Even where such services are available, they are not affordable to the urban poor, especially in big cities like Nairobi. The GCP report shows that Nairobi, which controls Kenya’s manufacturing, construction and services industries, generated 27.5 per cent to the country’s gross domestic product (GDP) over the past five years, with its productivity growing by about Sh700 billion in the past two years alone.

The report also indicates that the share of wealth among Nairobi’s population – the GCP per capita – stood at Sh723,335 in 2022, against the national GDP per capita of Sh264,077. What this means is that on average, Nairobi residents are 2.7 times better off than an average Kenyan.

But all that may not mean much for most Nairobi residents who not only struggle to make ends meet but have to contend with living in squalid conditions.
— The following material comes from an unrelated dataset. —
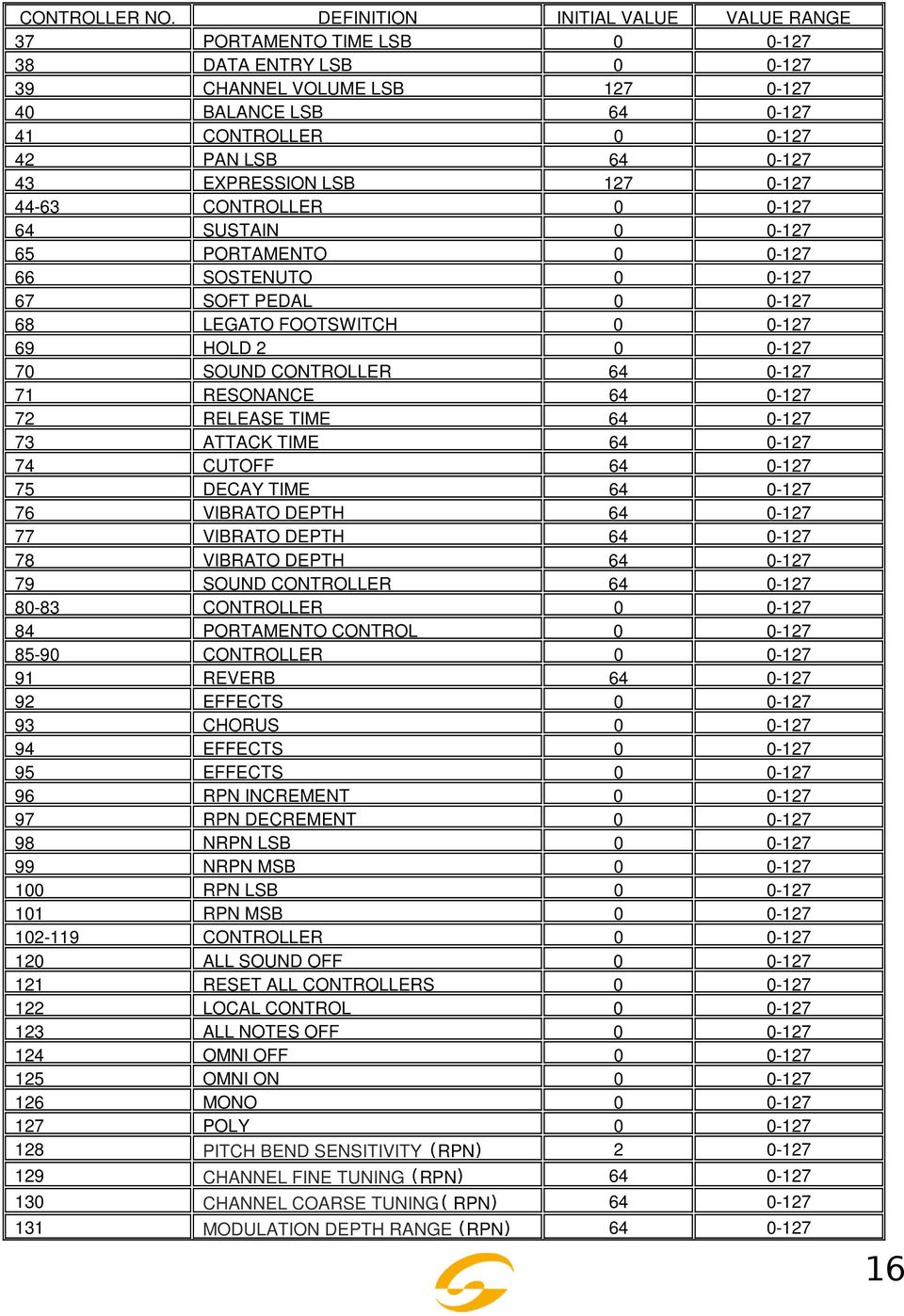 EXPRESSION LSB 127 0-127 44-63 CONTROLLER 0 0-127 64 SUSTAIN 0 0-127 65 PORTAMENTO 0 0-127 66 SOSTENUTO 0 0-127 67 SOFT PEDAL 0 0-127 68 LEGATO FOOTSWITCH 0 0-127 69 HOLD 2 0 0-127 70 SOUND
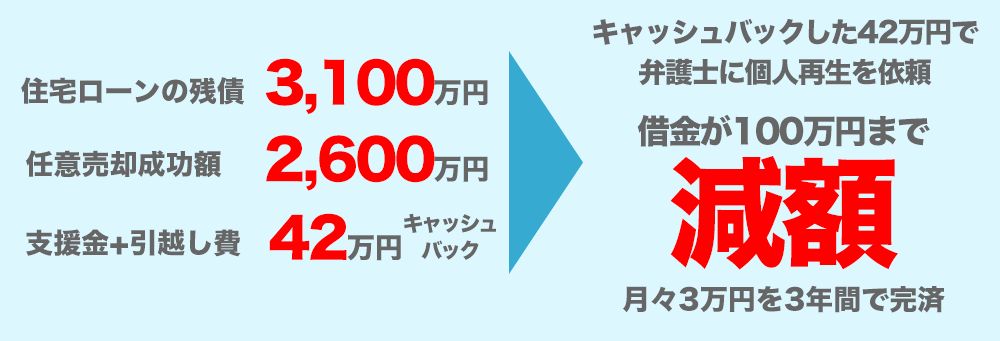 住宅ローン滞納の始まり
In most neighbourhoods, basic services such as clean water, sanitation, efficient transport system, and affordable healthcare are a major challenge for residents.

According to a UN Habitat report, without access to such services, the poor resort to self-provision using alternative arrangements, which can be exploitative and thereby aggravate their already precarious condition.

“Those who struggle to pay often spend the most for the same basic services,” says the report, noting that residents of Mukuru informal settlement in Nairobi, for instance, bear the brunt of what has come to be called the “poverty penalty”. It says residents in informal settlements pay over four times more for drinking water compared to those living in formal neighbourhoods of the city.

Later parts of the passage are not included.